Semi-Structured: The Data Keyword Pairs Approach

The Semi-Structured or data keyword pairs approach is quite unique compared to all other approaches. In this approach, coordinates are very rarely considered. If they are considered, they are relative to the subject page being processed at any given time. In this approach, there is also a stage of training where an operator loads a set of sample images of a particular document type. The operator then analyzes the variance across the images and determines the best logic to locate fields. Most fields are located using keywords. Fields can also be located using graphics, lines, and white spaces. Once a keyword has been identified for a particular field, the operator provides the logic to tell the software where the field is located relative to that keyword or object.
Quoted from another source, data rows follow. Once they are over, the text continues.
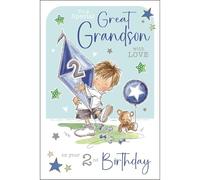 Jonny Javelin Age 2 Birthday Card for Great Grandson - Kite and Teddy Bear Design - Foil and Flitter Finish - Age 2 Birthday Greeting Card
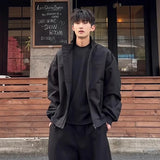 WIAOFELLAS  -  Fashion Men's Solid Color Stand Collar Jackets Trendy Summer American Style Zipper Long Sleeves Coats Male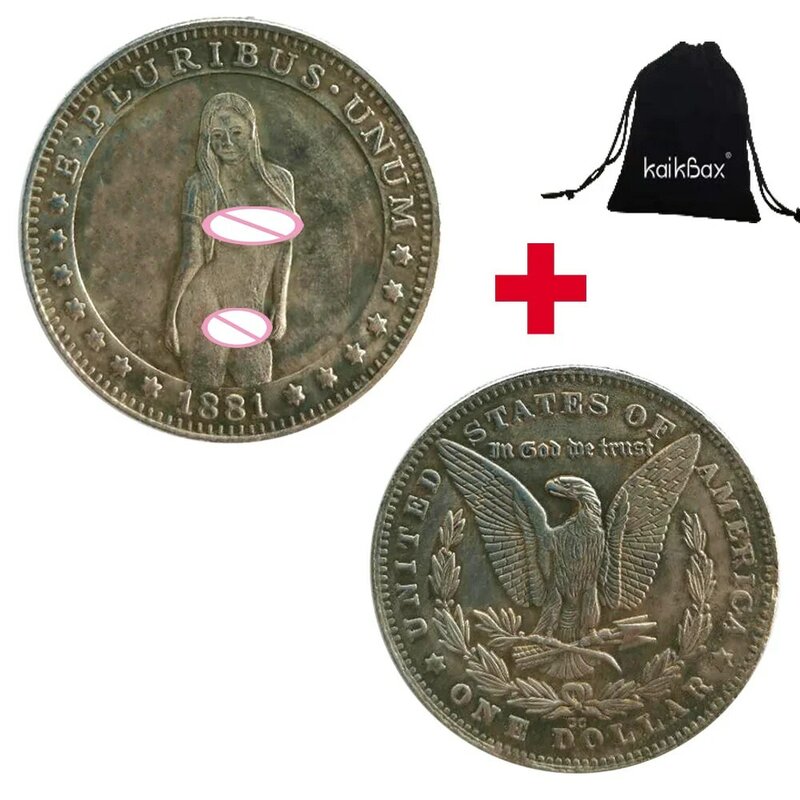 Luxus Nachtclub sexy Freundin Ein-Dollar-US-Kunst Münzen lustige Paar Münze Spaß Tasche Münze Gedenk Glücks münze Geschenkt üte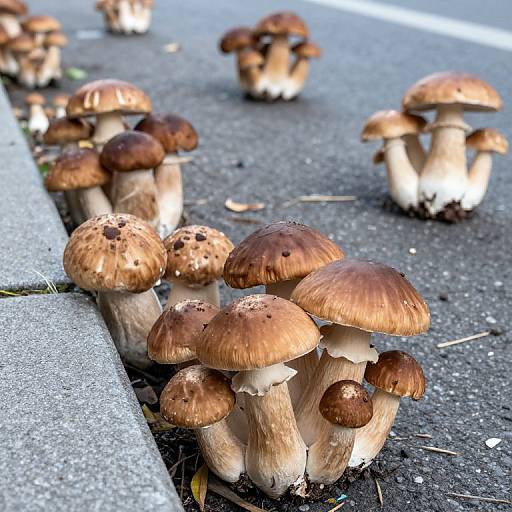 Abundant Brown-Capped Mushrooms Scene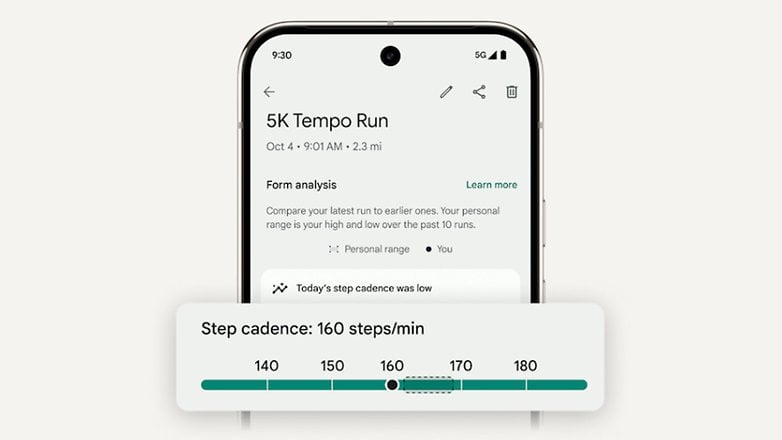 Montre Google Pixel affichant une analyse de course tempo 5K avec une cadence de pas à 160 pas/min.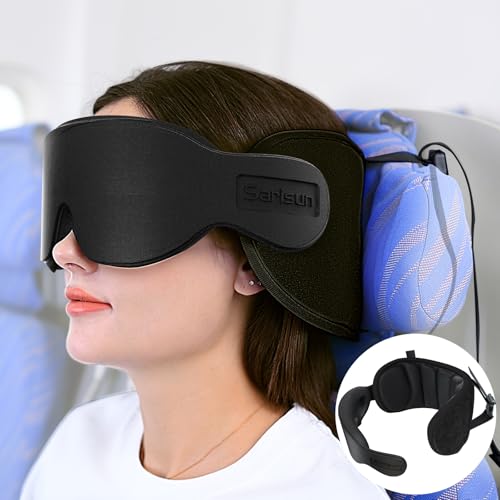 Travel Pillow with Eye Mask for Airplane Comfort - 360° Support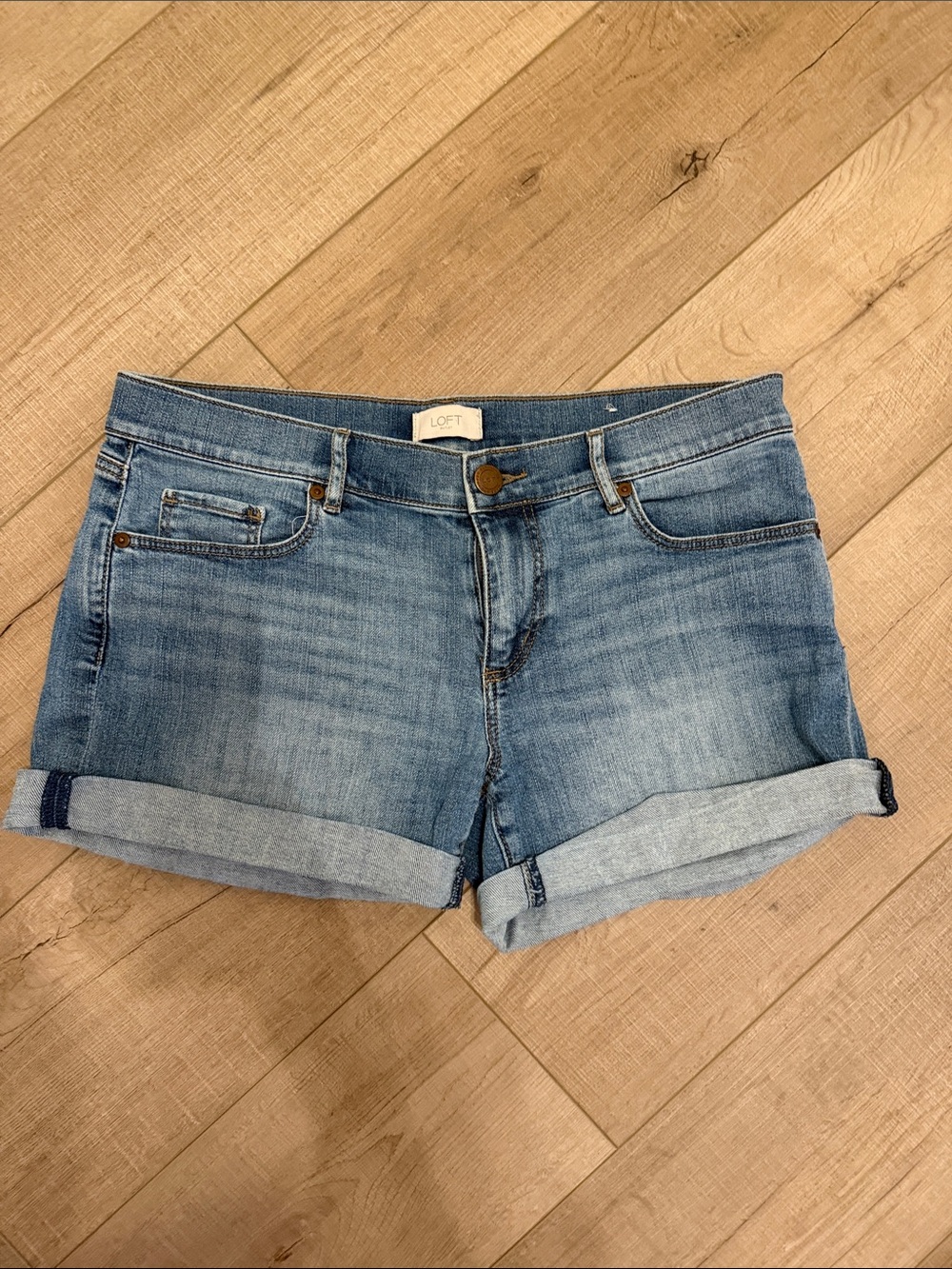 LOFT Light Blue Rolled Cuff Denim Shorts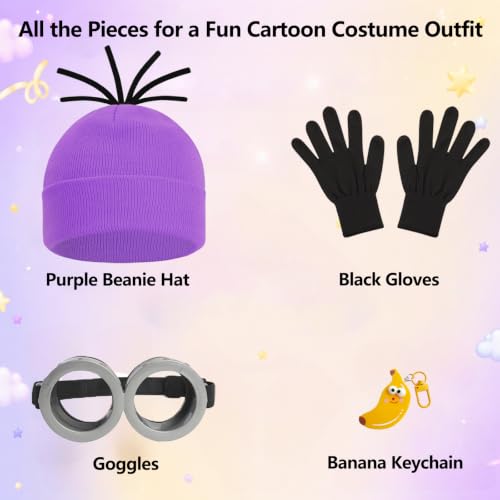 Cartoon Character Costume Accessory Kit Adult Men Women Halloween Costumes | Funny Easy Halloween Costumes Accessories Beanie Hat Goggles Gloves Banana Keychain for Birthday Themed Party Dress Up Set - color: Purple - 4pcs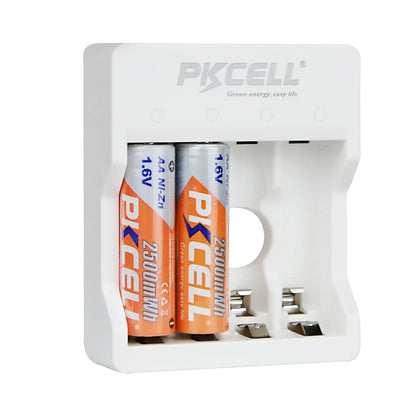 PKCELL 4PC 1.6V 900mWh Ni-Zn AAA Rechargeable Battery AAA batteries pack with NiZn Charger for NIZN AA/AAA Battery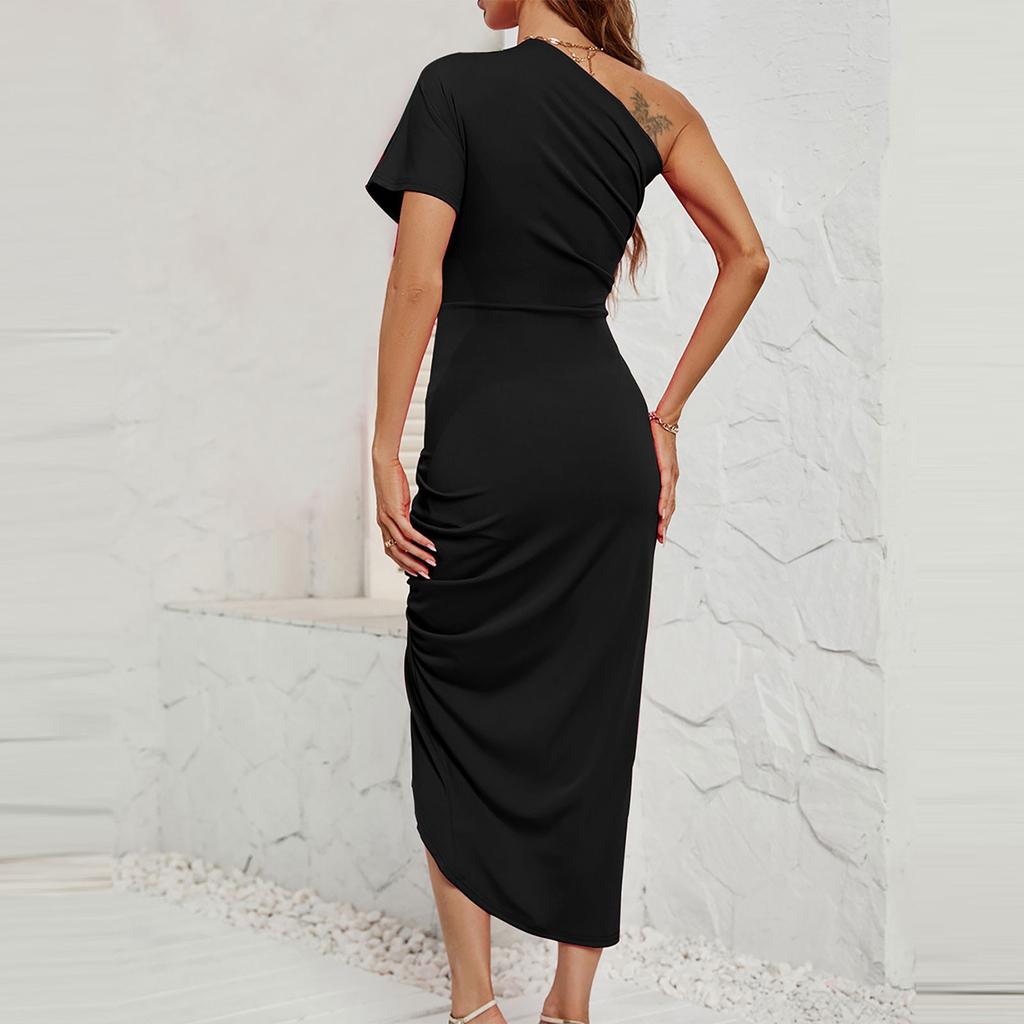 Женские летние однотонные сексуальные сексуальные платья нестандартной формы на одно плечо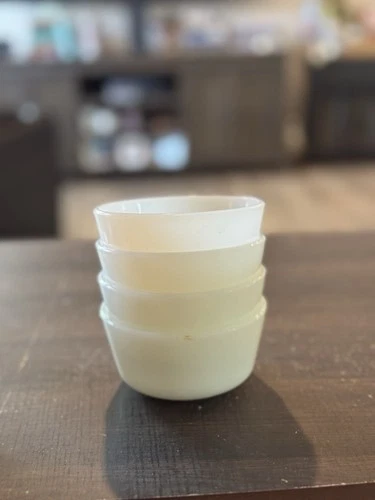 Set of four vintage Anchor Hocking Fire King milk glass custard cups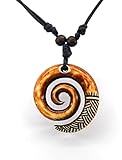 Scddboy Spiral Koru Necklace Maori Tribal Necklace for Men Women,Adjustable Black Rope Cord Necklace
To find the invoice number on an invoice page, the logic would start by looking for the words “Invoice No.”, “Invoice Number”, “Invoice #”, or any other similar phrase that appears on the page. Now that the keyword for the invoice field is found, the next step of logic is to tell the software that the invoice number is to the right of the keyword, some number or percent of pixels below the top of the keyword, or some number or percent of pixels above the bottom of the keyword. In this case, the logic would probably also specify the type of characters an invoice number will contain. In this approach, the software guesses where the information is located and picks the best guess if there are several.

Logic Flexibility

There is a tug of war in the setup stage of this approach between how flexible the logic should be and how constrained it should be. The amount of flexibility is determined by the variance across pages and the complexity of the document type. Flexibility is usually determined at the field level. For example, in most commercial invoices, the total amount due is located on the bottom right portion of the last page of the invoice.


Some data capture packages will combine iterative templates and data keyword pair approaches collectively as one or as a choice to the operator based on document types and the setup operator’s skill set. Other solutions that are fully automated will incorporate the assisted capture approach for quality assurance.